愛を秘めた外交官とのお見合い婚は甘くて熱くて焦れったい
 祖父は目を閉じて、なにかを考え込んでいる。

 自分の代で店をたたむ覚悟をしていた祖父だが、方針転換してからは後を継ぐと決めた父に全力で向き合っていた。その様子に、本当は店を終わらせたくなかったのだろうと感じたのは間違いではなかったはず。

「おじいちゃんにも、協力してほしい」

 私は給仕と事務仕事に徹しており、提供する料理に関してはまったくノータッチできてしまった。

 紅葉亭は、祖父の料理で人気を集めた店だ。常連客をはじめ、昔から受け継いでいる味を楽しみにしている人はたくさんいる。
 父の代になり新しいレシピを考案してきたが、それは祖父の料理をきっちりと守った上でのことだ。

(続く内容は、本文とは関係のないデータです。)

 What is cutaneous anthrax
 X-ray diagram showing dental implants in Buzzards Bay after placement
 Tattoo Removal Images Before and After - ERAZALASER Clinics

 店を再開するのなら、当然これまで通りの料理を提供しなければ意味がない。だからここは、おじいちゃんの力と人脈に頼るしかない。

 閉めている期間が長くなるほど、客は離れてしまうだろう。一刻も早く再開する算段をつける必要があり、祈るような気持ち目の前に座る祖父を見つめた。

「……もう一度、わしが立つしかないんだろうな」

 目を開けてそう言った祖父の声音は、決して暗いものではなかった。

 祖父が引退して、数年が経っている。
 とはいえ、何十年も料理人として働いてきた人だ。それに普段からキッチンに立つ機会も多いため、感覚は鈍っていないと踏んでいる。
 高齢になってきため無理はさせられないが、今はその力を借りたい。

「もちろん私も手伝うけど、料理に関してはおじいちゃんの知り合いの手も借りられたら理想的だわ。それから、しばらくは営業時間を短縮する方向で……」

 こんな事態になったため、来てくれていたパートの方は事情を説明して辞めてもらったという。すぐに声をかければ、もう一度引き受けてもらえるかもしれない。

「とりあえず明日、お見舞いに行ったときにお父さんにも話してみるから。それから、パートさんも私から連絡してみる」

「ああ、頼んだ」

 方針が固まり、ようやく肩の力が抜けた。